If you’re already planning on sitting down to a movie called Cocaine Bear this weekend, there isn’t much more to be said. They got you, you bought into the premise, and you’re perfectly happy with wherever the movie takes you, as long as the promise of the title is kept: there will be a bear, and there will be unhealthy (but really, how much would be healthy) amounts of cocaine.

Well, there is definitely a bear, and there is definitely a lot of cocaine. Success!

Cocaine Bear Review

It’s not what the movie is about, but how it goes about it, Roger Ebert famously said, and that is especially true for Cocaine Bear. They already have your money – so what more does Cocaine Bear have to do? Surprisingly, director Elizabeth Banks goes above and beyond the call of duty (or the wild), and gives audiences exactly what they want and more.

Cocaine Bear is fun, breezy, silly, and doesn’t spare the gore. This isn’t a movie about the human condition, unless that condition is to be attacked and eaten by a drug-addled ursine. We don’t really care about these characters, as long as they say something funny or stupid before being chased and/or eaten. Pound for pound, Cocaine Bear entertains at just the right levels, and most audiences will come away satisfied.

Cocaine Bear Review

Ostensibly based on true events (but let’s be serious, there’s no way any of this really happened to the degree we see here), Cocaine Bear could be a proto-sequel to Tom Cruise‘s American Made in a funny way – In the spring of 1985, a drug dealer airdrops bricks of cocaine in the Tennessee mountains, but gets himself knocked out and falls to his death with over 70 pounds of the drug.

A bear consumes the cocaine and begins jonesing for the powder, attacking anyone coming in the area, including two inept drug dealers and their boss (Alden Ehrenreich, O’Shea Jackson Jr., and Ray Liotta in one of his final roles), a mother (Keri Russell), her hooky-playing daughter (Brooklynn Prince) and best friend (Christian Convery), a cop in pursuit of the drugs (Isiah Whitlock Jr.), and two park rangers (Margo Martindale and Jesse Tyler Ferguson).

Frankly, most of these characters aren’t very compelling; a lot of the time we’re just waiting for the bear to show up and wreak havoc.
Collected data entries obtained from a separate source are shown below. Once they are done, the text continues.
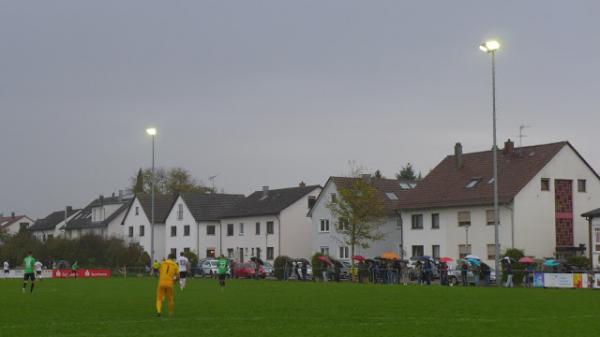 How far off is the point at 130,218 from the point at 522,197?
61.8 metres

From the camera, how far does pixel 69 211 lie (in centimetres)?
15050

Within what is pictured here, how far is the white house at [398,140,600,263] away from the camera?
213 feet

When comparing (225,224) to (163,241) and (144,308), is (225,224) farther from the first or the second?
(144,308)

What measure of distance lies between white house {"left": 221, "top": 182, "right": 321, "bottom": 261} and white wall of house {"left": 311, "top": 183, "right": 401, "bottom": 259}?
4574 millimetres

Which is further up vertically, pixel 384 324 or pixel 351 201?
pixel 351 201

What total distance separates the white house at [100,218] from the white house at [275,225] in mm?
25914

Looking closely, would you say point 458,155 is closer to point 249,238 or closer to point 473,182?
point 473,182

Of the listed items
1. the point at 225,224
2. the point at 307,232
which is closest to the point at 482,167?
the point at 307,232

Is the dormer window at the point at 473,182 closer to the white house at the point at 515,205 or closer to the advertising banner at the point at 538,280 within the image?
the white house at the point at 515,205

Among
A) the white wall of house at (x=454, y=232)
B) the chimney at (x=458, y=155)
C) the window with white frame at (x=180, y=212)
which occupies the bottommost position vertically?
the white wall of house at (x=454, y=232)

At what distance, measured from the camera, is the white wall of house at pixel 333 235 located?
8062 centimetres

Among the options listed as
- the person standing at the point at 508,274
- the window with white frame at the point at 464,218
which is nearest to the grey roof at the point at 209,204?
the window with white frame at the point at 464,218

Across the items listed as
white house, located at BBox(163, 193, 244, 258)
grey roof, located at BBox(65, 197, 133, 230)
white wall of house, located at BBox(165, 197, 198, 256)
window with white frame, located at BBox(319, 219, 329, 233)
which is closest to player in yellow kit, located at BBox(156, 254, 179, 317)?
window with white frame, located at BBox(319, 219, 329, 233)

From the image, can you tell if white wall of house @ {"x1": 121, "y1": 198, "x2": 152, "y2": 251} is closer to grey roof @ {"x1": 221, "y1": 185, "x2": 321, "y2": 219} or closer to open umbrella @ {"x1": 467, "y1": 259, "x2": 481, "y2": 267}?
grey roof @ {"x1": 221, "y1": 185, "x2": 321, "y2": 219} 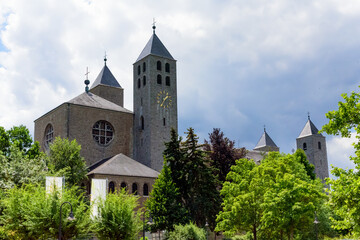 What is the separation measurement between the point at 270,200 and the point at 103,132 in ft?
94.6

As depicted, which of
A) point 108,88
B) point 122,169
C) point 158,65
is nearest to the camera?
point 122,169

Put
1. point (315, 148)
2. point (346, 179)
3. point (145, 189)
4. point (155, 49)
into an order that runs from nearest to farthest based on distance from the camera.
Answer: point (346, 179) < point (145, 189) < point (155, 49) < point (315, 148)

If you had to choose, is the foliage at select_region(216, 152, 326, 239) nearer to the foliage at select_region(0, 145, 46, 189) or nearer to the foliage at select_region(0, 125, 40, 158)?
the foliage at select_region(0, 145, 46, 189)

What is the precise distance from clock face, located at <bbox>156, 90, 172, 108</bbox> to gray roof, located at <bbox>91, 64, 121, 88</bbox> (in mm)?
13651

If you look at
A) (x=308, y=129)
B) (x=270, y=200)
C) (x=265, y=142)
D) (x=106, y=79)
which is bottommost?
(x=270, y=200)

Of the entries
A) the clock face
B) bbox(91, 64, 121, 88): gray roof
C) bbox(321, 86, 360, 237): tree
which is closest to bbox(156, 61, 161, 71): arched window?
the clock face

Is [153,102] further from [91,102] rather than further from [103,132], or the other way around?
[91,102]

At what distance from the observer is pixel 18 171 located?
38.4 metres

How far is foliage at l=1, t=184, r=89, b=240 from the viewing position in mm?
26438

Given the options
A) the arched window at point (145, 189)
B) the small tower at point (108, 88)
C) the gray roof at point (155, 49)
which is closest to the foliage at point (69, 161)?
the arched window at point (145, 189)

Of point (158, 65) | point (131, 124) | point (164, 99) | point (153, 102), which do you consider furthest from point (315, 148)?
point (131, 124)

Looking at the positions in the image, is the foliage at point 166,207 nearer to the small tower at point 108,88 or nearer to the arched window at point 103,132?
the arched window at point 103,132

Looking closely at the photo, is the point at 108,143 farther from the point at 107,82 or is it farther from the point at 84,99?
the point at 107,82

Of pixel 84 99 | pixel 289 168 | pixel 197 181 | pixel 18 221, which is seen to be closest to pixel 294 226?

But when it does appear, Banks knows how to ramp up the tension right along with the humor and the ridiculousness of the situation. If my audience was any indication, there was much ensuing of hilarity.
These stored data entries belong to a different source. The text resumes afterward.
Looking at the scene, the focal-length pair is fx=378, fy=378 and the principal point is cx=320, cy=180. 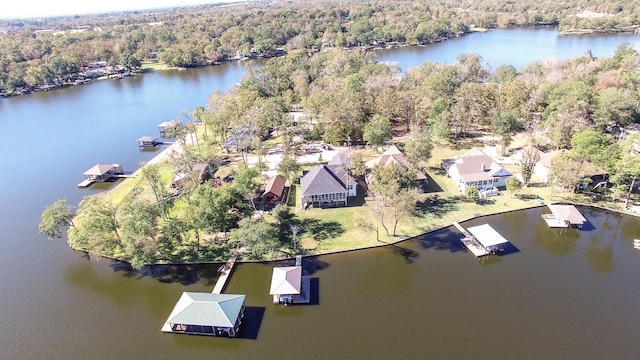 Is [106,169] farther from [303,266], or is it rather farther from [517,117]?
[517,117]

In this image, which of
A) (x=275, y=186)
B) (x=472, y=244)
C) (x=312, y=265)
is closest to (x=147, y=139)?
(x=275, y=186)

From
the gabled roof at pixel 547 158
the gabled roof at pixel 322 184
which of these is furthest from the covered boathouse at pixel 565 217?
the gabled roof at pixel 322 184

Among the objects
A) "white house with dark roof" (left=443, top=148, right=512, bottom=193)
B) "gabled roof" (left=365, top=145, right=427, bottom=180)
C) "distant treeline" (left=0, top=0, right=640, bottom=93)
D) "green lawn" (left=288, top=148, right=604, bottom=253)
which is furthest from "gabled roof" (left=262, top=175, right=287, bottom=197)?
"distant treeline" (left=0, top=0, right=640, bottom=93)

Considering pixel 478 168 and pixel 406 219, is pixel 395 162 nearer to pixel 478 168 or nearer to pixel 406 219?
pixel 406 219

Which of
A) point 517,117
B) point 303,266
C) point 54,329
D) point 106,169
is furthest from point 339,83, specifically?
point 54,329

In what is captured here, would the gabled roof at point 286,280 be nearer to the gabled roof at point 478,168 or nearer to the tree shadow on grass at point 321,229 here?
the tree shadow on grass at point 321,229

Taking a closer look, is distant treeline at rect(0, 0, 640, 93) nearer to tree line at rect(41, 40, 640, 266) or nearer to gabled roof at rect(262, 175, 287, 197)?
tree line at rect(41, 40, 640, 266) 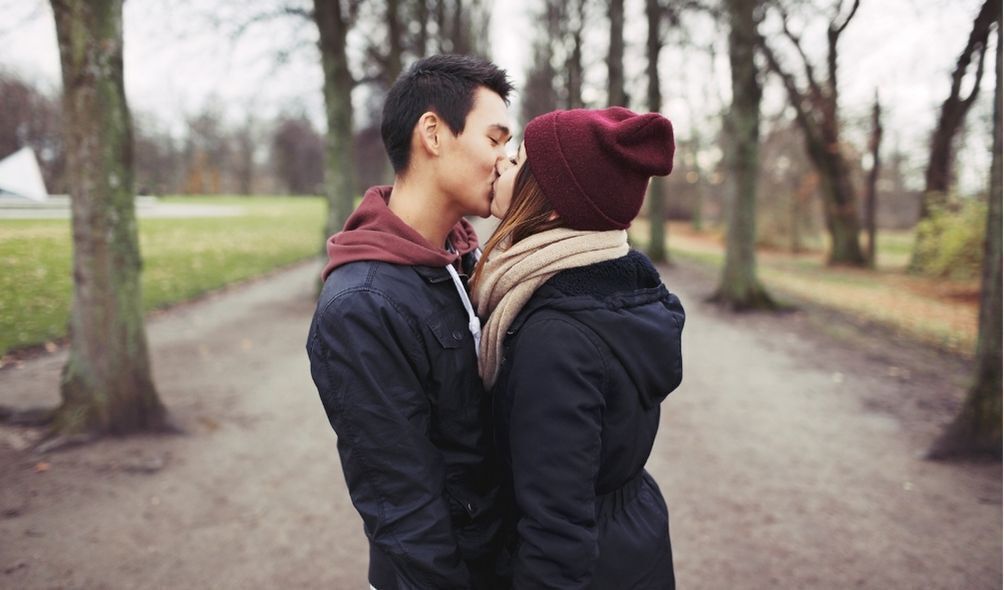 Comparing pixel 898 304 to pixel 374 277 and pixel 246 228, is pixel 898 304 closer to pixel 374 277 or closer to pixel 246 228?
pixel 374 277

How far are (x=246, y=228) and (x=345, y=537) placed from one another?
77.4 ft

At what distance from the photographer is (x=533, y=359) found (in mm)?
1389

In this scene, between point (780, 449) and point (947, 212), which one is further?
point (947, 212)

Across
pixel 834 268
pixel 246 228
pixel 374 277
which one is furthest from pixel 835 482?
pixel 246 228

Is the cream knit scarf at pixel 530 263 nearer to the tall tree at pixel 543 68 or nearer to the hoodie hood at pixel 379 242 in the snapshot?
the hoodie hood at pixel 379 242

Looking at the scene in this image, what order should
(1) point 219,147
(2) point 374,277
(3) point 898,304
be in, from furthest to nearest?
(1) point 219,147 → (3) point 898,304 → (2) point 374,277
Cocaine Bear isn’t hitting its targets with any real precision – it doesn’t have to. The target is basically the size of a mountain – it’s pretty tough to miss. What’s fun about Cocaine Bear is that Elizabeth Banks is willing to explore just how extreme a movie called Cocaine Bear can get. She’s unloading at that mountain with her entire arsenal, and more often than not, she’s pounding that sucker.
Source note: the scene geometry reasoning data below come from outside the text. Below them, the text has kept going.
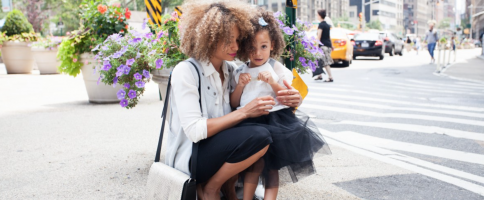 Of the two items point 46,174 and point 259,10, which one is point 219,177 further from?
point 46,174

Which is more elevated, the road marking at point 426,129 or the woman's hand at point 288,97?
the woman's hand at point 288,97

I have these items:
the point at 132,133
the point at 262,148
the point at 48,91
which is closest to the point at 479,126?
the point at 132,133

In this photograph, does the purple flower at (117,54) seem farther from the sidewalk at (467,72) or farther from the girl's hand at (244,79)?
the sidewalk at (467,72)

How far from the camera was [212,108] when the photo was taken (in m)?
2.73

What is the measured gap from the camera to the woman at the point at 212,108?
2541 millimetres

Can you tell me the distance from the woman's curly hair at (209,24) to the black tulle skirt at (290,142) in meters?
0.47

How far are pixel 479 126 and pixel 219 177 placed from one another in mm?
4880

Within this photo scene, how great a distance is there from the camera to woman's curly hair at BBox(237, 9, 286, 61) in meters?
2.80

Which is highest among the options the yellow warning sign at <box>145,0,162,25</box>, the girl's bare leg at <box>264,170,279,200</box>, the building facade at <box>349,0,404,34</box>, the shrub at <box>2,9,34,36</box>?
the building facade at <box>349,0,404,34</box>

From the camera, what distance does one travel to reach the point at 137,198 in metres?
3.36

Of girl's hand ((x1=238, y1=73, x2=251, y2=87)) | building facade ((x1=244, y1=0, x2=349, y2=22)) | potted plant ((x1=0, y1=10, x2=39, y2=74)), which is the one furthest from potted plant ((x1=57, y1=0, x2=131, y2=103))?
building facade ((x1=244, y1=0, x2=349, y2=22))

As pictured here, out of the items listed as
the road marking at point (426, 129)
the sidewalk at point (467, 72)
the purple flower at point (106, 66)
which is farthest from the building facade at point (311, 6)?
the purple flower at point (106, 66)

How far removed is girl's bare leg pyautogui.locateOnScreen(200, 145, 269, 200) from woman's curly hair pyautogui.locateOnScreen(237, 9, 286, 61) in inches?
23.9

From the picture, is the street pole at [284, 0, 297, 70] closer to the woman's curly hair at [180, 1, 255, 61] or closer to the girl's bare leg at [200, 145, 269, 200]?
the woman's curly hair at [180, 1, 255, 61] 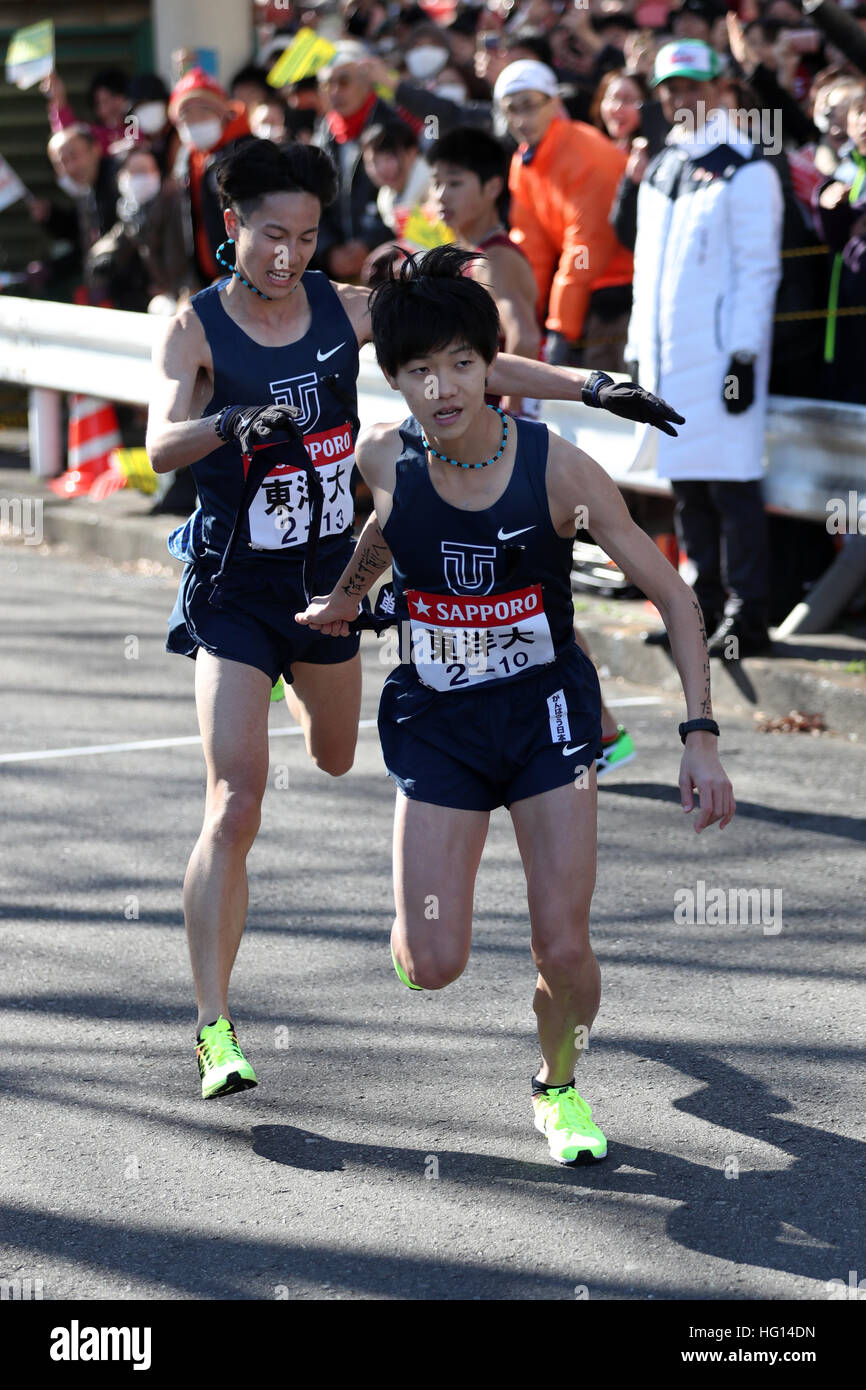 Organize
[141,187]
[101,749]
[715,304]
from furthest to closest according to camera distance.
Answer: [141,187], [715,304], [101,749]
Cocaine Bear could have called its shot and went for a PG-13 and audiences would have happily went. Instead, Cocaine Bear is a pretty hard R, full of spectacular gore and intense moments. It’s all in good fun, but Banks could have pulled punches and she doesn’t do that at all.

We like these characters just enough to wince a little when many of them become bear fodder, but we didn’t buy tickets to see NY-QUIL BEAR, did we? No we did not.

Movies like Cocaine Bear are difficult to review — as I said, anyone buying a ticket to a movie like this knows what they want and the movie delivers just as advertised — so the only angle is just how much the filmmakers commit to the premise. So let’s just say that the filmmakers get high on their own supply a lot here.

Cocaine Bear‘s dumb but not insulting, stupid but clever, and it’s in on the joke just as much as the audience is. It’s a movie engineered to be a ride – it’s practically Meme: The Movie if you want to be honest, and while I suspect Cocaine Bear will disappear like cotton candy (or a couple of lines at a 1980s dance party) over time, while you’re under its influence, it feels great.

We all have to come down sometime, but in the thick of it, Cocaine Bear puts a smile on even the most jaded filmgoer’s face. Bring the powdered donuts and have a ball.

COCAINE BEAR REVIEW SCORE: 7 OUT OF 10

Universal PicturesCocaine Bear is now playing in theaters. The movie is rated R for bloody violence and gore, drug content and language throughout.